Il soutient que, du silence gardé sur sa demande pendant un délai de plus de trois mois, est née une décision implicité de rejet de sa demande.
Vu les autres pièces du dossier.
Vu le code de justice administrative.
Considérant ce qui suit :
1. Aux termes de l’article R. 222-1 du code de justice administrative : « (…) les présidents de formation de jugement des tribunaux (…) peuvent, par ordonnance : (…)
4° Rejeter les requêtes manifestement irrecevables, lorsque la juridiction n'est pas tenue d'inviter leur auteur à les régulariser ou qu'elles n'ont pas été régularisées à l'expiration du délai imparti par une demande en ce sens ; (…) ».

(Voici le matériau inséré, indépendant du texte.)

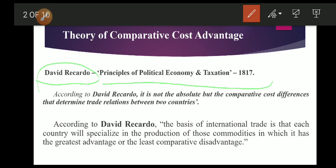Due to differences in climate, natural resources, geographical situation, and efficiency level, a country can produce one commodity at a lower cost than another. Each country specializes in the production of the commodity in which the comparative cost of production is the least. When a country enters into trade with another country, it will concentrate on the production of those goods and services in which it has the cost advantage and exchange them for goods and services produced by other countries.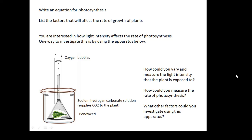Here are some questions for you to do: write an equation for photosynthesis, and write a list of the factors that will affect the rate of growth of plants.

2. Aux termes de l'article R. 411-1 du code de justice administrative : « La juridiction est saisie par requête. La requête indique les nom et domicile des parties. Elle contient l'exposé des faits et moyens, ainsi que l'énoncé des conclusions soumises au juge. /L'auteur d'une requête ne contenant l'exposé d'aucun moyen ne peut la régulariser par le dépôt d'un mémoire exposant un ou plusieurs moyens que jusqu'à l'expiration du délai de recours. ».
3. M. A..., en se bornant, pour demander l’annulation de la décision implicite par laquelle le préfet de la Seine-Saint-Denis a refusé de lui délivrer une autorisation d’acquisition et de détention d’une arme à feu, à relever que cette décision est née de l’absence de réponse de l’autorité administrative dans le délai prévu par la réglementation applicable, n’articule ainsi aucun moyen au soutien de ses conclusions tendant à l’annulation de cette décision. Ainsi, cette requête, qui ne contient l'exposé d'aucun moyen, ne satisfait pas aux exigences des dispositions précitées de l'article R. 411-1 du code de justice administrative et est, comme telle, irrecevable.
4. Il résulte de ce qui précède que la présente requête peut être rejetée par ordonnance, dans toutes ses conclusions, en application des dispositions précitées du 4°) de l'article
R. 222-1 code de justice administrative.
O R D O N N E :
Article 1er : La requête de M. A... est rejetée.
Article 2 : La présente ordonnance sera notifiée à M. B... A....
Fait à Montreuil, le 11 mars 2026.
Le président de la 8ème chambre
L. Gauchard
La République mande et ordonne au ministre de l’intérieur en ce qui le concerne ou à tous commissaires de justice à ce requis en ce qui concerne les voies de droit commun contre les parties privées, de pourvoir à l’exécution de la présente décision.